# Hinterbauständer für Cube Analog



## Mister-MTB (6. Dezember 2011)

Hallo,  ich habe mir ein "Cube Analog black 'n' white" Baujahr 2011 gekauft und möchte mir einen Hinterbauständer zulegen.

Nach einigen Reinfällen möchte ich euch fragen mit welchem Ständer ihr gute Erfahrungen gemacht habt.

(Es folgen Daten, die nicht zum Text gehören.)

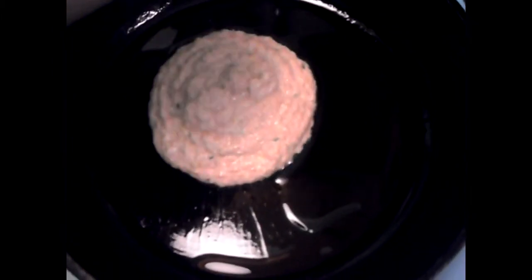Then I put in the olive oil — a tablespoon of olive oil. After that I add the almond milk. After the almond milk is in, I stir everything together — these are all the wet ingredients — and make sure everything blends in together perfectly.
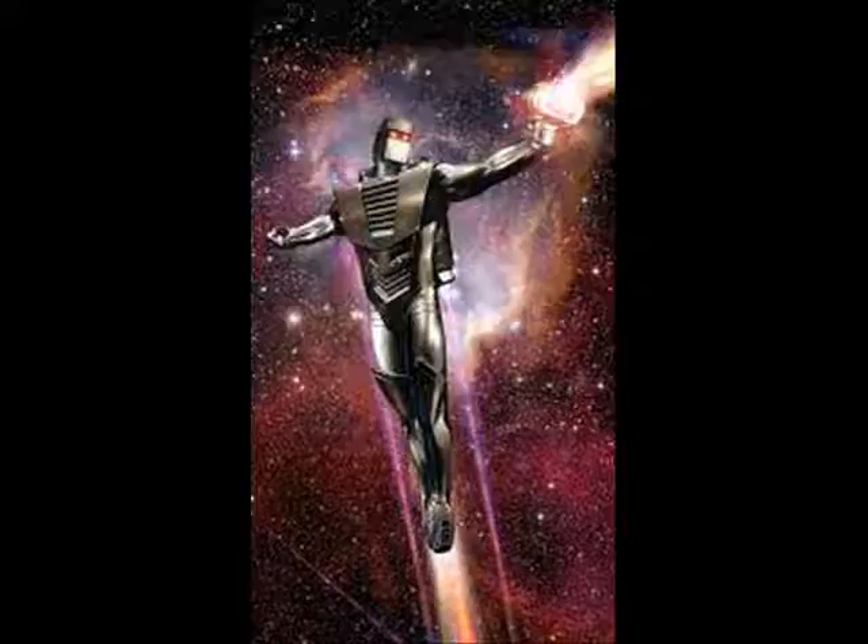The origins of ROM The Space Knight, as told in its original series, were that he became the Space Knight after he volunteered himself and his humanity to defend his homeworld of Glador when it was being invaded by an alien race called the Dyerace, who will be covered in another video later.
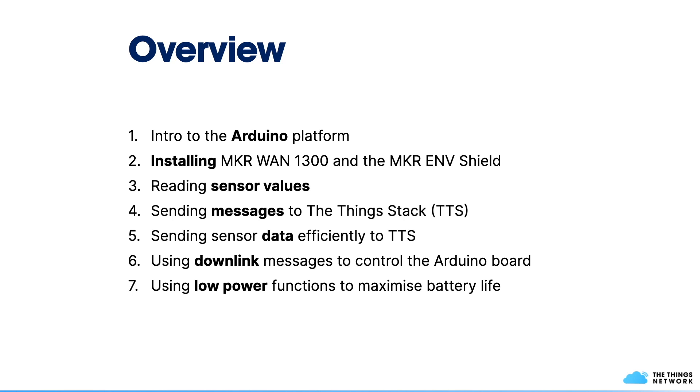In this session, we're going to have a look at the Arduino platform. We will learn how to install the MakerVan 1300 and the MakerNF Shield. We will read from the sensors of the MakerNF Shield and send messages to the ThingStack. Then we'll look at how to package data efficiently, handle downlink messages to control the Arduino board remotely, and look at low power functions to maximize battery life.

Bei Cube-Europe findet man ja nur diese Aussage:



> Universal Hinterbauständer die an der Ketten- und Sitzstrebe montiert  werden sind für alle Hardtail Rahmen zugelassen.
> 
> Ausnahmen:      Alle Fullies     Alle Carbon Rahmen
> 
> Es ist darauf zu achten, dass zwischen dem Ständer und Rahmen ein Schutz  aus Gummi montiert ist. Nicht zulässig sind Hinterbauständer die nur  einen Klemmpunkt an der Kettenstrebe besitzen. Eine langfristige  Schädigung der Kettenstrebe ist nicht auszuschließen.



Mister-MTB


----------



## Milan0 (6. Dezember 2011)

Weglassen, oder weißt du nicht was passiert, wenn man mit Ständer hart fährt


----------



## MTB-News.de




----------



## Asko (6. Dezember 2011)

Schau dir mal auf der Cube Seite das Analog Disc Blue/Green an.
Auf einen der Bilder ist ein Ständer montiert, anscheinend direkt von Cube. 
Zu kaufen gibts den HIER.
Ob der was taugt oder welcher andere passt kann ich dir leider nicht sagen.


----------



## christucci (7. Dezember 2011)

Diesen kaufte ich für das Cube WLS Comp meiner Gattin.
http://www.bike-components.de/products/info/p13394_Parkstuetze-Kick-104-.html
passt!


----------



## blutbuche (8. Dezember 2011)

an ein mtb gehört kein ständer . punkt.-


----------



## Fetcher (8. Dezember 2011)

Der Cube eigene Ständer ist richtig gut. Kann man super befestigen und ist stabil. Wenn ein Ständer wirklich sein muss, dann nur den von Cube für ein Cube.


----------



## Mister-MTB (11. Dezember 2011)

Hallo,

danke für alle Antworten!

@Blutbuche & Milan0:

Ich habe mir eines der billigsten vom Cube geholt, weil ich es für den normalen Gebrauch benötige und nicht für ExtremTouren in den Alpen etc., denn hätte ich mir bestimmt ein hochpreisigeres Teil ausgesucht.

@Asko & Fetcher

Danke für den Hinweis, dass Cube auch einen eigenen Ständer verkauft. Ich werde mir diesen nächste Woche bestellen und nach der Montage noch einen Beitrag in diesen Thread schreiben.

Mister-MTB


----------



## Mister-MTB (18. Dezember 2011)

Hallo,

hier nun mein angekündigter Beitrag zum Cube Ständer.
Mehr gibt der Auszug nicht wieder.